• _RECORDED INFORMATION_:
== Segment start ==

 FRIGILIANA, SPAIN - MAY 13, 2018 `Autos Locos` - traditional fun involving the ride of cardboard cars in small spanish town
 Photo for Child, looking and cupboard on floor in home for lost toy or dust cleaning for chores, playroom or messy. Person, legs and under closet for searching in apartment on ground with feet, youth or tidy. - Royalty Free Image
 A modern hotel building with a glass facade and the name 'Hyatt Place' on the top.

== Segment end ==
== Segment start ==

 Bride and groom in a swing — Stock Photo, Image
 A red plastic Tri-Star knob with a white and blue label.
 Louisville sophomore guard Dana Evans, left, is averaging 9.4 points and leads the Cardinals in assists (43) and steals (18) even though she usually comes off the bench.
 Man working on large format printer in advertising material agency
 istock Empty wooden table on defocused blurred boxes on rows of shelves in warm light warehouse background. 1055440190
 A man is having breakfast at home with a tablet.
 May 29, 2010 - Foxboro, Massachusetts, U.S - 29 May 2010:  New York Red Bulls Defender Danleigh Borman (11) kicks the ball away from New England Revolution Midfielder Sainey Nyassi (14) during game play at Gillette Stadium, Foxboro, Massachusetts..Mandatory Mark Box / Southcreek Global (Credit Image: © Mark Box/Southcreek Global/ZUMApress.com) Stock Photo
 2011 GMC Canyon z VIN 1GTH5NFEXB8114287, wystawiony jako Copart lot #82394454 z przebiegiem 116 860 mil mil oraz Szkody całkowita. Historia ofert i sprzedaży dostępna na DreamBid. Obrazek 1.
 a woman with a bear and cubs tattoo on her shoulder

== Segment end ==
== Segment start ==

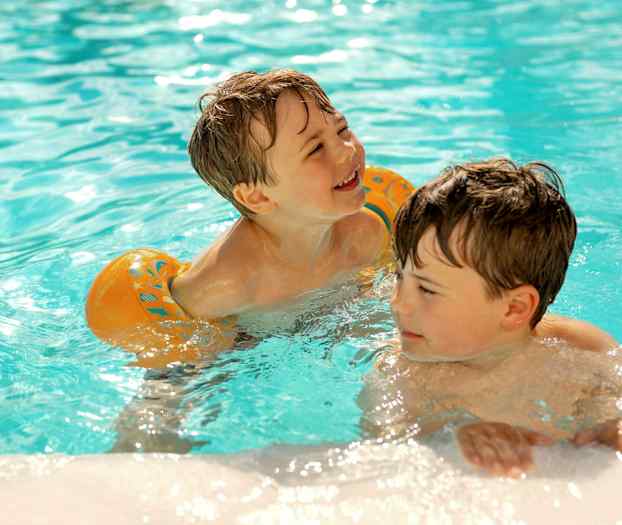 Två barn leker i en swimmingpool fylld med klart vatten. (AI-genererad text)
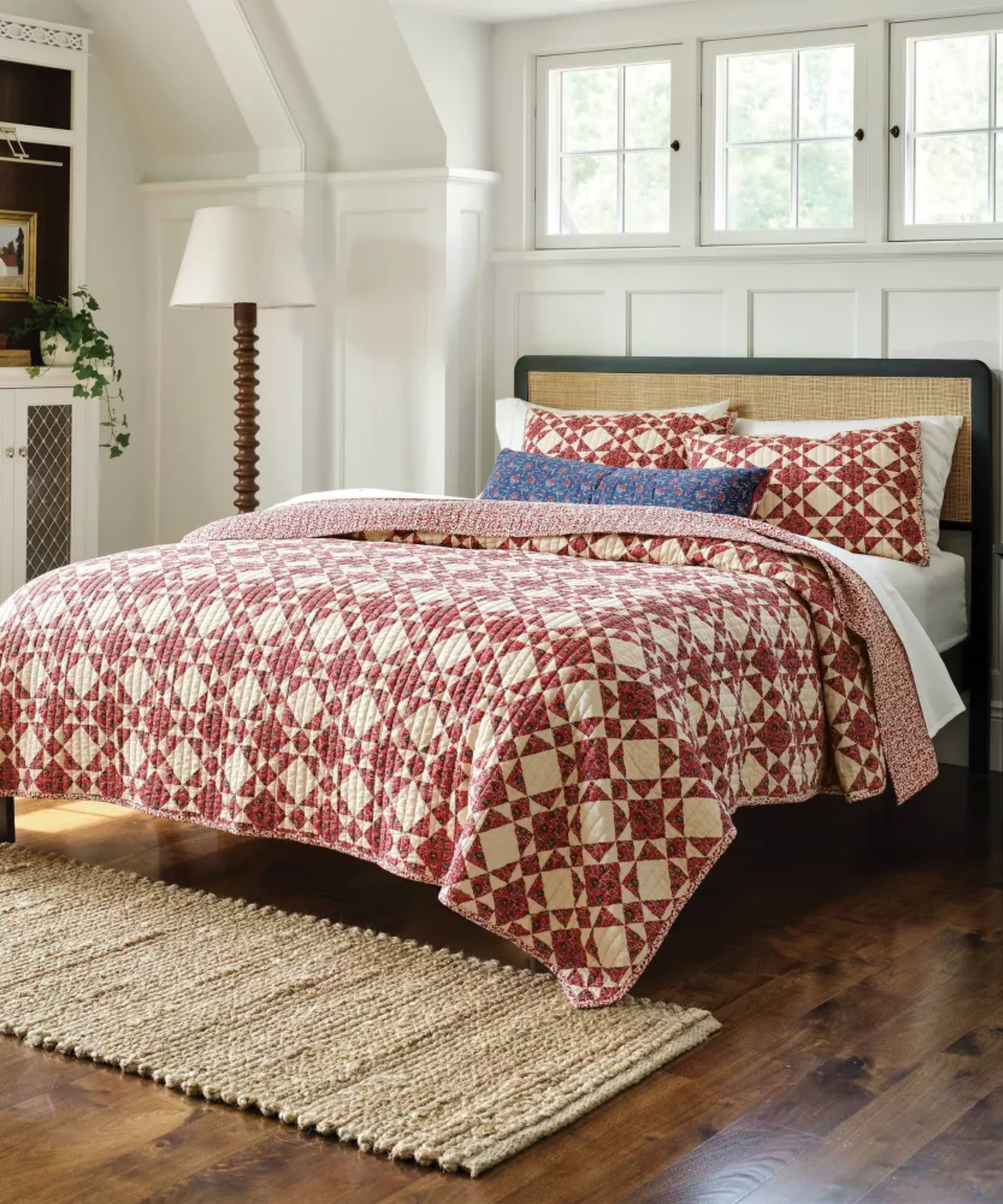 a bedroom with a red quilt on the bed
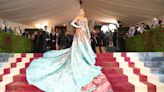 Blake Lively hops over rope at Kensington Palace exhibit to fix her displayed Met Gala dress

== Segment end ==

Within the listing above, print exactly the stretch beginning at the line that contains "a bedroom with a red quilt on the bed" and finishing at the line that contains "Blake Lively hops", ends kept, pictures left out, and nothing more.

• _RESULT FOR THIS EXERCISE_:
 a bedroom with a red quilt on the bed
 Blake Lively hops over rope at Kensington Palace exhibit to fix her displayed Met Gala dress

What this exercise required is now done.